Supplied data.
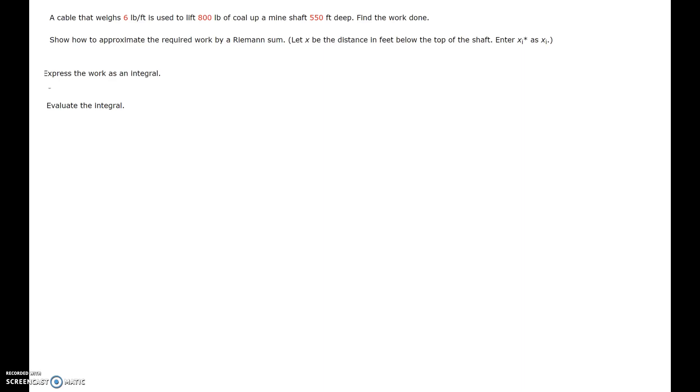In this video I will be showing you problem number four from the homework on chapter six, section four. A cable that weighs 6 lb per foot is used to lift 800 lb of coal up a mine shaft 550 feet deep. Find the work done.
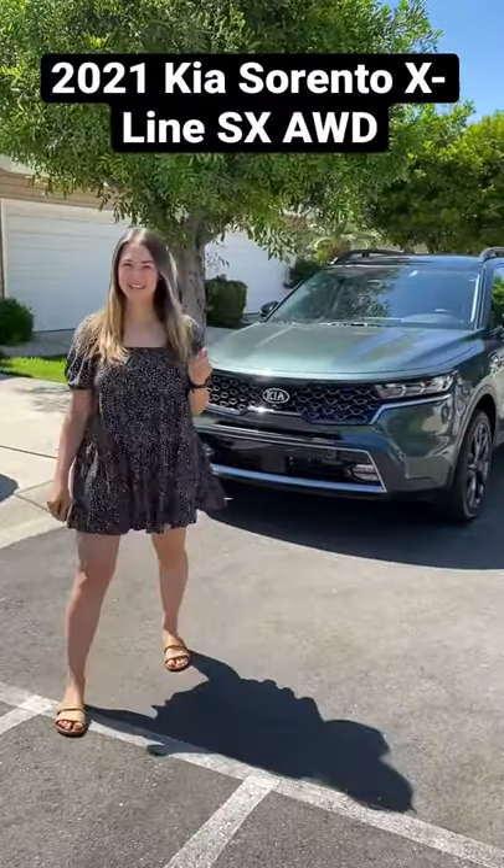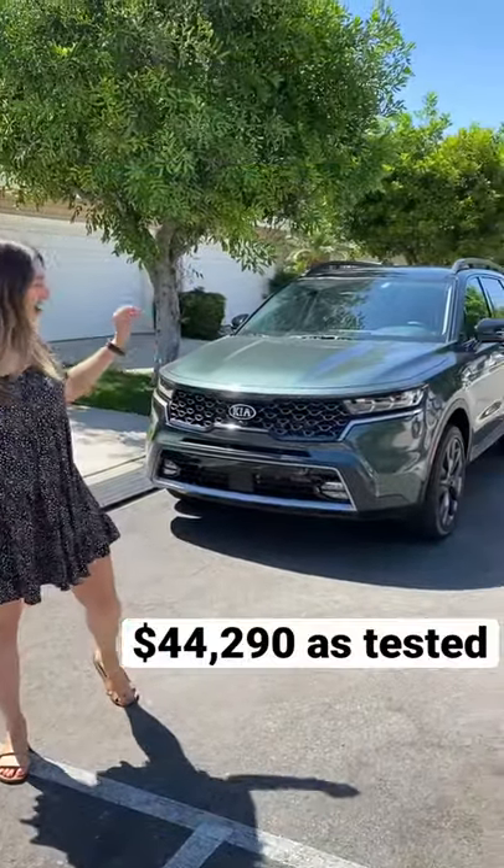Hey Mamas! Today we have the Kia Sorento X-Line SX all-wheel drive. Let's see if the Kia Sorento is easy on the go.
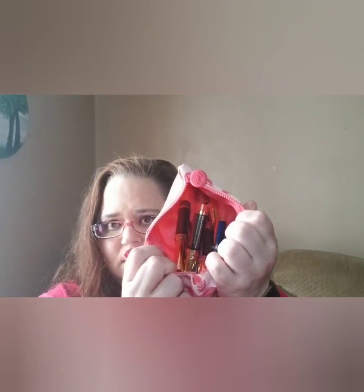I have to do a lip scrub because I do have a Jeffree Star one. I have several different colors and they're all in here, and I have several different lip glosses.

Work item.
Nothing but the lines from the beginning of the material above through the line containing "Hey Mamas! Today" should appear in the answer, copied exactly and free of pictures.

Output.
In this video I will be showing you problem number four from the homework on chapter six, section four. A cable that weighs 6 lb per foot is used to lift 800 lb of coal up a mine shaft 550 feet deep. Find the work done.
Hey Mamas! Today we have the Kia Sorento X-Line SX all-wheel drive. Let's see if the Kia Sorento is easy on the go.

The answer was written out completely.